Other concerns were mentioned, but concerns over the impact the development could have on the housing market and corporate ownership of the complex weighed heavily in the council’s ultimate vote against the project.

City planning staff and several city council members expressed concerns and at times the discussions between officials and the developer became testy.

Planning staff were unfavorable toward the project. While they acknowledged that the location and the commercial aspect were not problematic, they had concerns about the concentration of rental homes on a single lot. It would be a 65-acre lot for a large number of rental homes, which means they can’t be converted to owner-occupied single-family homes, Nelson said.

“This does nothing to add homes to the market,” he said. “These are rental products that are sprawled over 65 acres.”

Nelson also reiterated concerns that the high concentration of rental homes could create a monopoly. Planning staff was also concerned about the corporate ownership of the homes and the zoning, he said.

City council member Linda Gibson acknowledged the city has a housing shortage, but said this development is not the answer. She highlighted several aspects of the project and a recent Indianapolis Metropolitan Planning Organization housing study which, among other factors, said the region’s lack of housing options could compromise workforce development.

An analysis of the study also addressed corporate-owned single-family homes for rent, and how they could create a monopoly that manipulates the rental market. Gibson sees Greenwood as a community where a majority preferred ownership compared to renting.

In her opinion, the Next Chapter Neighborhood was not a “good fit” for Greenwood, she said.

Testy back-and-forth

Maltzer disagreed, however, saying the reasons Gibson cited were reasons they built these neighborhoods. The development is also not preventing anyone from buying a house, but rather giving more options to those that don’t want to right now, he said.

Maltzer also emphasized several times that while Next Chapter Neighborhoods rents single-family homes, they are not the same as corporate hedge funds that purchase and rent out formerly owner-occupied single-family homes.

“We build new products.
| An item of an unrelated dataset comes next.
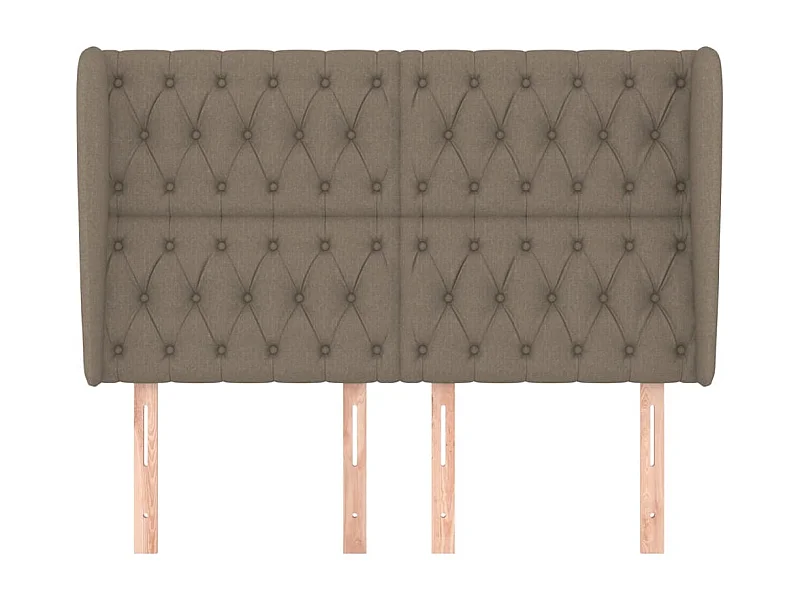 Kopfteil mit Flügeln Taupe 147x23x118/128 cm Stoff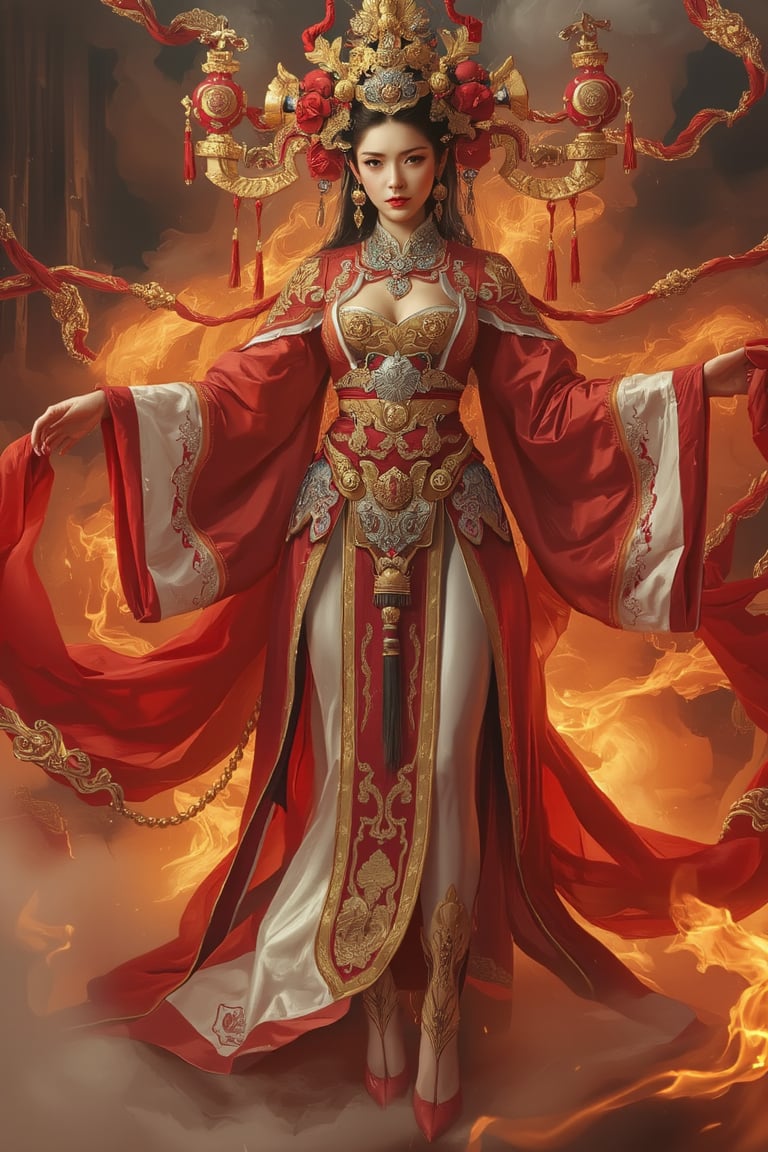 Full body shot of a character standing in majestic pose, hyper realistic representation of a fantasy chinese empress with the most sumptuous wedding hanfu dress made of red and white silk and richly embroidered with gold and silver threads, (wide sleeves:1.2), intricately carved golden badges and tassels, golden line, fire and flame and clouds of smoke. Art by Yoshitaka Amano, Zhong Fenghua, stunning interpretive visual, colorful, dreamy magical atmosphere, (film grain), (warm hue, warm tone), cinematic light, side lightings, Midjourneyart, zhongfenghuaStyle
We’re not affecting the existing [homes],” Maltzer said.

Nelson acknowledged Next Chapter is different, though they are still a corporation renting homes to residents. Statistics show that eventually nearly 40% of all single-family homes will be owned by institutional investors.

“How much do you guys want to accelerate that trend in Greenwood?” Nelson asked rhetorically.

The Next Chapter is new in Central Indiana, and there’s no way to say if they would’ve been managing the property forever, he said.

“They can easily turn around and sell it to a group that does not care about a great community and is not the best at maintenance,” Nelson said.

Following questioning from council member Steve Moan, Maltzer later admitted that the developer had sold their two of their four developments, leading to groans of displeasure from several council members.

He also said that “yes” Next Chapter has investors.

“We have investors, and I hate to break it to you, Gabe, almost every housing development [has] people looking to make a profit,” Maltzer said. “This was not government subsidized, so you don’t have to worry about that. So yes, I have no shame in saying we’re in it to make a profit. Absolutely.”

A home-buyer on the city’s east side, council member Michael Williams has had his own struggles trying to find a home within his family’s price range. The city needs single-family homes, not rentals, he said.

“This is fresh land. It’s on the edge of town,” Williams said. “We don’t have to determine the future right now with a project that’s not the right fit.”

Council member Dave Lekse, who was the only yes vote for the annexation, liked the proposal and previously voted in favor of the plan commission’s favorable recommendation. It’s an alternative housing option that offers a needed supply, he said.

Editor’s note: A correction to a passage talking about the rent amount of the Fort Wayne property was added.